Menteri Keuangan Purbaya Yudhi Sadewa mengungkapkan bahwa pemerintah telah menyiapkan dana sebesar Rp 31 triliun untuk mengalihkan status guru PPPK menjadi pegawai pemerintah pusat.

N
Naufal Akbar
20 August 2026
29 pembaca
Foto: ANTARA FOTO/Adeng Bustomi
Foto: ANTARA FOTO/Adeng Bustomi

Menteri Keuangan Purbaya Yudhi Sadewa menginformasikan bahwa pemerintah telah mengalokasikan anggaran sekitar Rp 31 triliun untuk kebijakan pengalihan status guru yang saat ini berstatus Pegawai Pemerintah dengan Perjanjian Kerja (PPPK) menjadi pegawai pemerintah pusat. Purbaya menyampaikan hal tersebut setelah menghadiri Rapat Kerja Badan Anggaran DPR RI di Jakarta pada Kamis, 20 Agustus 2026.

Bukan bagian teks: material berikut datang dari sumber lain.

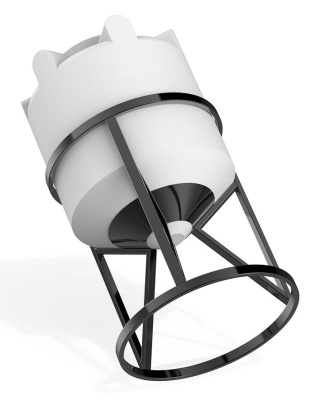 Конусная емкость c обрешеткой К 200 литров . Изображение №5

Proses Pengalihan Secara Bertahap

Ia memastikan bahwa anggaran yang dialokasikan untuk PPPK tidak akan mempengaruhi target defisit Anggaran Pendapatan dan Belanja Negara (RAPBN) 2027 yang ditetapkan sebesar 2,4 persen dari produk domestik bruto (PDB). Proses pengalihan status ini akan dilakukan secara bertahap, di mana sebagian akan dilaksanakan dalam waktu satu tahun, sementara sisanya mungkin memerlukan waktu hingga tiga tahun. “Nanti yang lainnya akan dilakukan secara bertahap ke depan, tapi kita sudah amankan anggarannya,” tambah Purbaya.

Jumlah PPPK yang Dialihkan

Purbaya memperkirakan bahwa pada tahap awal, sekitar 541 ribu guru PPPK akan dialihkan menjadi pegawai pemerintah pusat. “Kalau tidak salah sekitar 541 ribu (pegawai). Kita harapkan ini memberi kepastian kepada para guru dan PPPK. Jadi, enggak usah khawatir lagi ke depan,” ujarnya.

Sementara itu, Menteri Sekretaris Negara Prasetyo Hadi sebelumnya menjelaskan bahwa kebijakan pengalihan status PPPK merupakan hasil kesepakatan dalam rapat antara pemerintah dan DPR RI. Dalam kebijakan ini, guru-guru yang berstatus PPPK paruh waktu akan diangkat menjadi PPPK penuh waktu. Selain itu, para guru yang saat ini berstatus PPPK penuh waktu akan memiliki kesempatan untuk mengikuti seleksi menjadi Pegawai Negeri Sipil (PNS) pada tahun 2027. Pemerintah juga terus melakukan sinkronisasi data terkait kepegawaian guru dengan berbagai status tersebut.